Tuesday 13 October 2009

Lie like a cheap watch

Degas famously said of Monet: “He’s just an eye, but what an eye.” The context of this partially scornful remark was the idea that the emerging photographic revolution had rendered representational painting obsolete and outmoded.

By the turn of the last century the camera had already proven itself to be much more convincing at reproduction, whereas the artists’ gaze was at one-and-the-same time evolving towards being characterised by more fragmented ways of looking like Impressionism and Cubism. This had the effect of confirming the camera as the only reliable medium.

Today we are still occasionally reminded of the old adage: “The camera doesn’t lie”, however, a camera in the hands of a creative artist can tell extraordinary stories and can weave elaborate fictions. Therefore the camera can lie, and if you habitually take the fashion press you will know the camera does lie, and with alarming regularity!

We are all becoming more and more used to the idea that images are routinely manipulated by skilled re-touchers who, at times, render even the most routine image so unfaithful as to allow it to lie with the inevitability of a cheap watch.

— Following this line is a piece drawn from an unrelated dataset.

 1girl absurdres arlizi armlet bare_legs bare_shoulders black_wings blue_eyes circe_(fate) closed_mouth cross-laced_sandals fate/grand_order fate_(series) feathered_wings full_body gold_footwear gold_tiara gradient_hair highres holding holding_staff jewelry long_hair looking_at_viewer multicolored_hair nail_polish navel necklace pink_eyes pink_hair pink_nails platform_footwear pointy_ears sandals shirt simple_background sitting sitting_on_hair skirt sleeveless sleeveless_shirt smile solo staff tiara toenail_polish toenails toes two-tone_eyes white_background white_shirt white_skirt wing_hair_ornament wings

However, we should expect more than cheap technological trickery from a successful image, and in a good photographer we should be looking for creative insight and poetic licence. As Picasso had it: “We all know that art is not the truth, art is a lie that makes us realise the truth.”

Good photographers are indeed hard to find and even when you are in the presence of one, they universally testify to the fact that truly great subjects through which one can express the familiar in new ways, are equally illusive.

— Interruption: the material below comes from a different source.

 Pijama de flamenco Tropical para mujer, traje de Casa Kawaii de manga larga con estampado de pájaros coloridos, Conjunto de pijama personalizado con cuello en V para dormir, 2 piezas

Latiff Napoleon is an established photographer based in London; his roof-top shots for the emerging brand Hemyca are emotionally charged, full of pathos, ambiguity and atmosphere without the need for the trickery of Mouse or indeed the poisoned Apple. These photographs, like the best of Hemyca’s collection, are crisp and concise and yet romantic and edgy. At stake here, one feels, is the classic relationships between artist and muse.

Born in southeast Asia, Napoleon cut his teeth at the hard-edged school that was London’s Plough Studios, working on informative advertising material for the likes of Saatchi & Saatchi and Ogilvy. This was the type of work, which demanded of photographers, the ability to instantaneously and succinctly tell complex stories. He was soon lured into the more expressive world of fashion and worked with names like Amanda Wakeley, Jean-Paul Gaultier, Banana Republic, Just Bluff, Betty Jackson, just to name a few.

Going far beyond the predominant aesthetic of studio props and lighting Napoleon has photographed instinctively posed models outdoors and out of sorts, on location in far-flung places, from Africa to his native Asia, in shabby-chic intercity lairs and on glamorous desert shoots . His seductive depictions of the venerable but erotic London style captures the essence of today’s woman: independent, spirited and edgy.

In Hemyca, Napoleon seems to have found a perfect vehicle through which to tell his particularly compelling kind of stories. These stories are not as one might expect told from the perspective of a southeast Asian Archipelago, but with the lightness of touch and sophistication of an artist at the height of his powers, who through this Muse, shows us that if anything, he should be described as international and urban.